The sound folks weren’t faring quite so well, though, as they were plagued by problems with radio mics. Problems that weren’t really fixable, too. They just weren’t working reliably. But then, to be fair, I have friends who are younger than those radio mics – they were going to start failing eventually.

On The Nights

Now that all of the real work had been done already, we had the shows. Three nights, with one lighting problem per night. On opening night, somebody leaned on a lightswitch backstage and turned on the working lights mid show – not much I can do about that except ask over the radio for them to be turned off again. So I did, and they were.

On the second night, the work counter had been placed wrongly, so my small-plant special was illuminating a till rather than the plant. Again, not a lot I can do about that.

On the final night my control software decided to randomly jump ahead four scenes instead of the one that I told it to, going to a slow fade into blackout. I caught it before it went totally dark, but only just. So we had about just under a second of near darkness where it shouldn’t have been, and an extraneous crossfades so I could get it to the right scene, as opposed to just “not dark”.

Unfortunately, the radio mics never did work properly, so a couple of voices on a couple of songs were quieter than they should have been. Now we know it’s an issue, it’ll be fixed for the next show that needs them.

A Plea

I was, regrettably, too busy running the lighting to take photos for most of the show. If you went to see it and took any photos where you can see the lighting (or are a member of the group who took some), please let me know! I’d love to attach some more photos to this, and will be happy to give you credit for them. The only photos I have are from setbuild and a few I managed to fit in at rehearsals between my assorted cues.

Edit: Now with a few extra photos from Sarah Lake, who was in the band.

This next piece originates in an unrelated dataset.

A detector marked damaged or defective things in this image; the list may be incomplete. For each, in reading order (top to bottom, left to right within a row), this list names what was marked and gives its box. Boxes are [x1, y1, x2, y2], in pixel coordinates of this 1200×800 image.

Thanks, Sarah!

Can’t Post… Plants Will Eat Me

Still Alive

I’m not dead or anything – I’ve just had virtually no free time recently. Theatrical commitments and my killer commute have put paid to any free time I would usually have for the past couple of weeks. Any time that I’ve not been at work, working on stage lighting or commuting has generally been spent either relaxing or sleeping in an attempt to stave of stress induced collapses and/or shotgun rampages.

But I haven’t forgotten all you folks out there. I’m still cobbling some ideas together for future posts, including a semi-work related post. I’ve got an idea for a User Experience related post… but you can relax, because it’ll be talking about LARP as well. Amongst other things, it’ll cover why I’m quite happy for people I work with to know about my LARP activity, and why I actually consider it a benefit when it comes to User Experience work. My only concern is that it’s a big topic, and there’s a lot of aspects to it. I may actually have to turn it into multiple posts, but doing so might dilute them. I’ll see how it goes.

I’m sure that the show will generate at least another post as well, assuming I survive.

Normal service will resume soon after the show is completed.